2. Why are you thinking of starting a business?

You need to be clear about why you want to start out on your own. Do you have the right skills, and a viable business idea that people will buy into? Are you simply frustrated with your current job and need a career move, or do you have a strong desire to do something new – on your own?

You need to be sure that you’re doing it for the right reasons, as running your own business can be tough at times (but immensely rewarding if you get things right).

3. Is there a market for your idea?

If you’re going to offer a new product or service, you will either have to be sure that you can create a new market, or take a slice of an existing market. How are your potential competitors faring, and what can you offer customers that they don’t? If you’re entering a busy market, can you do things better than your competitors? If you can’t compete on price, can you compete on quality or something else?
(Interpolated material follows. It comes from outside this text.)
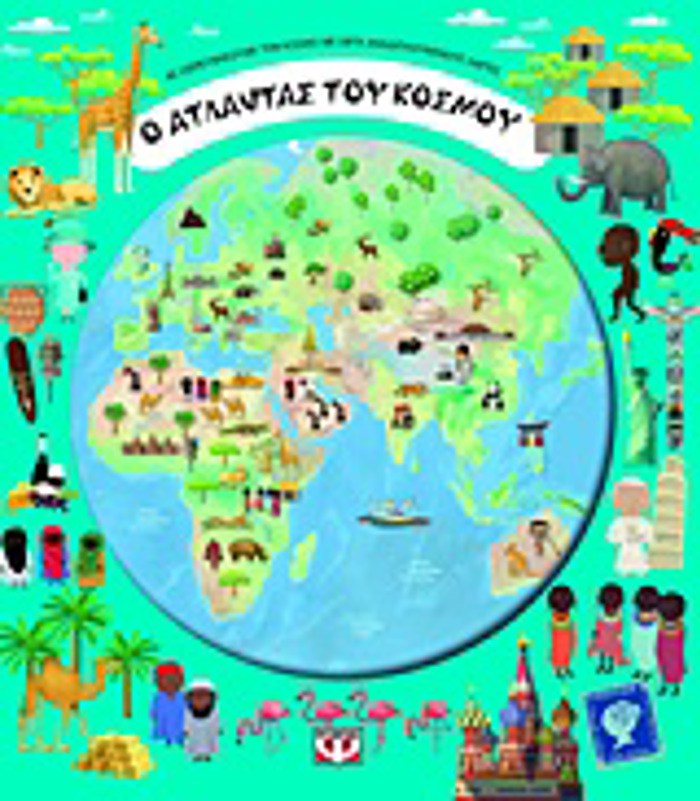 O ATLANTAS TOu KOSMOu AS EXEREuNISOuME TON KOSMO ME EFTA ANADIPLOuMENOuS XARTES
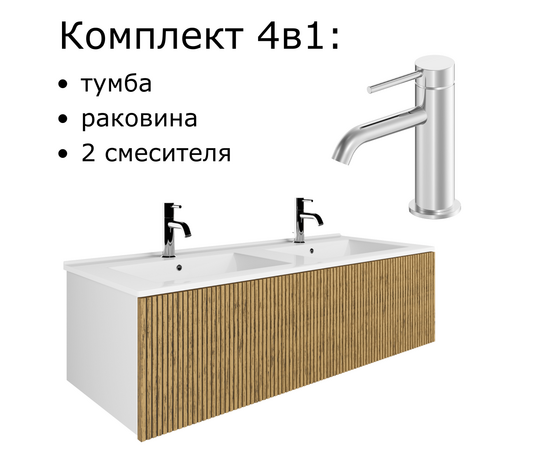 Тумба для ванной комнаты ЗОВ Кито, с раковиной, Тростник 120, Смеситель Oliveeka 88139017, хром Тумба для ванной комнаты ЗОВ Кито, с раковиной, Тростник 120, Смеситель Oliveeka 88139017, хром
4. Identifying your customers

Once you’ve decided that you have a viable product or service, how to do present it in front of your target audience? What is your route to market? Deciding upon the right sales channel will depend to a great extent on what you are offering. If you’re setting up a web design firm, your sales channel will be very different than if you’re setting up a local childcare business, for example. In all cases, you will need to determine where your customers are, and how they’re likely to interact with your business. Examples include: direct mail, PPC (Pay-Per-Click), attending trade shows, sponsoring events, local / national press, and any number of less mainstream (and even ‘quirky’) ways of reaching out to your audience.

5. Do you have the time?

Aside from the assortment of practical factors which determine which start-ups succeed and others don’t, one thing you absolutely must be prepared to give to your business is hard work. No more prescribed working hours, flexitime, or overtime. If you set up your own business, the more time you put in, the greater your chances of succeeding. You may be able to set up your new enterprise and hold down your 9-5 job at the same time – particularly in the early stages. Other businesses can be run perfectly successfully as part-time ventures. But, in each case, you must be prepared to put other aspects of your life on hold, and give your all to your new idea.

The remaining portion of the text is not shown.